What is needed - The lines to repeat are those below from the one containing "Seaside Hideaway - 3" down to the one containing "KIA CEE D 1.6", both included; reproduce them exactly and nothing else.

Exercise input -
=== Section Start ===
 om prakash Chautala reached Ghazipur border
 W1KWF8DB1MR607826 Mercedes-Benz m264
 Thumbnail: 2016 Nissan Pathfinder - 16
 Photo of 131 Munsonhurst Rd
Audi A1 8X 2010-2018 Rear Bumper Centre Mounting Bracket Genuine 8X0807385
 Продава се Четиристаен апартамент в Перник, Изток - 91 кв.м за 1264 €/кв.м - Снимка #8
=== Section End ===
=== Section Start ===
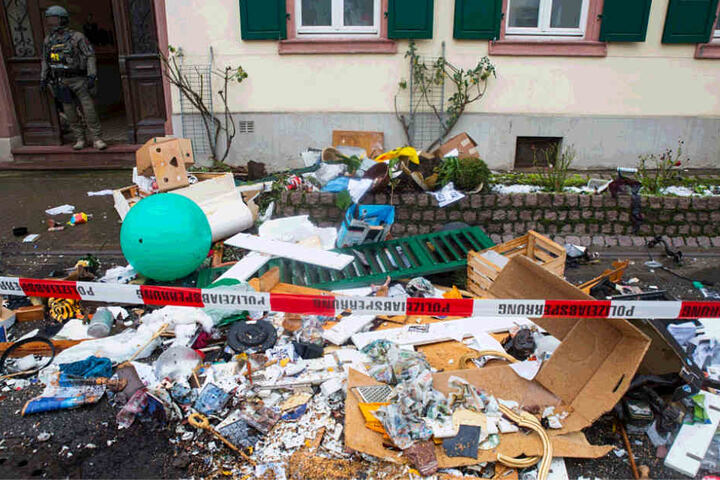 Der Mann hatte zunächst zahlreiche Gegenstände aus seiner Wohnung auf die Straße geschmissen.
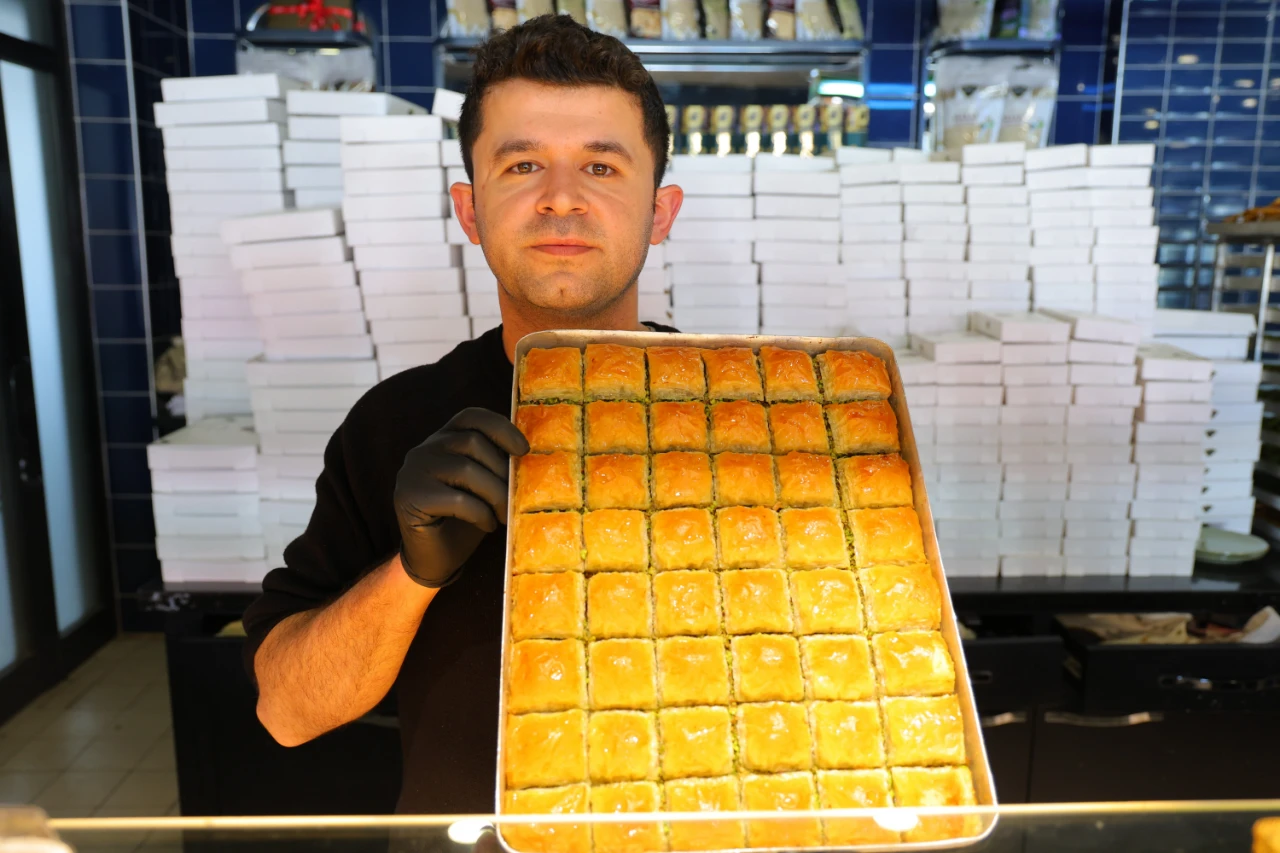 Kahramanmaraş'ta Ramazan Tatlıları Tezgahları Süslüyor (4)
=== Section End ===
=== Section Start ===
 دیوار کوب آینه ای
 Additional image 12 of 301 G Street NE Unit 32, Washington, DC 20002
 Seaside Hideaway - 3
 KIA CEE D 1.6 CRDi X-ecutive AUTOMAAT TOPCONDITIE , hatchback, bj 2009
=== Section End ===
Final answer -
 Seaside Hideaway - 3
 KIA CEE D 1.6 CRDi X-ecutive AUTOMAAT TOPCONDITIE , hatchback, bj 2009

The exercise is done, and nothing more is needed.